Bottom Line: In this review we highlight the evidence showing that group A streptococcus (GAS) induces endoplasmic reticulum (ER) stress and UPR through which it captures the amino acid asparagine (ASN) from the host.GAS acts extracellularly and during adherence to host cells it delivers the hemolysin toxins; streptolysin O (SLO) and streptolysin S (SLS).GAS senses ASN and alters gene expression profile accordingly, and increases the rate of multiplication.
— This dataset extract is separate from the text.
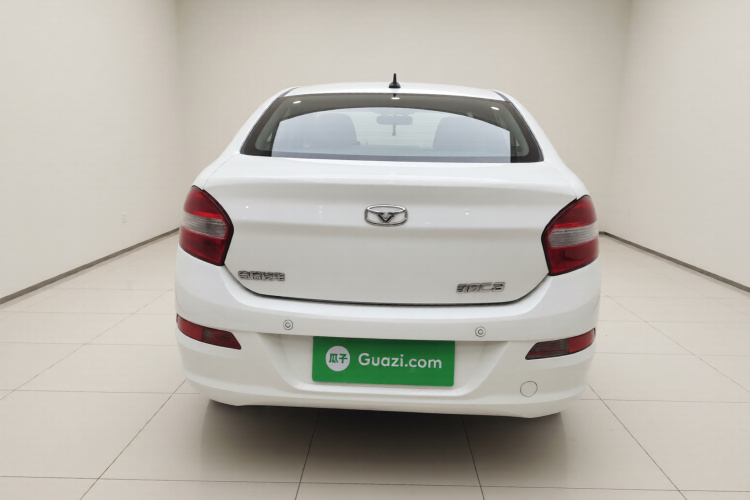 凯翼C3 2015款 1.5L AMT金钻版车身外观6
View Article: PubMed Central - PubMed

Affiliation: Department of Microbiology and Molecular Genetics, Faculty of Medicine, The Hebrew University of Jerusalem (HUJI) Jerusalem, Israel.

ABSTRACT
The connection between bacterial pathogens and unfolded protein response (UPR) is poorly explored. In this review we highlight the evidence showing that group A streptococcus (GAS) induces endoplasmic reticulum (ER) stress and UPR through which it captures the amino acid asparagine (ASN) from the host. GAS acts extracellularly and during adherence to host cells it delivers the hemolysin toxins; streptolysin O (SLO) and streptolysin S (SLS). By poorly understood pathways, these toxins trigger UPR leading to the induction of the transcriptional regulator ATF4 and consequently to the upregulation of asparagine synthetase (ASNS) transcription leading to production and release of ASN. GAS senses ASN and alters gene expression profile accordingly, and increases the rate of multiplication. We suggest that induction of UPR by GAS and by other bacterial pathogens represent means through which bacterial pathogens gain nutrients from the host, obviating the need to become internalized or inflict irreversible cell damage.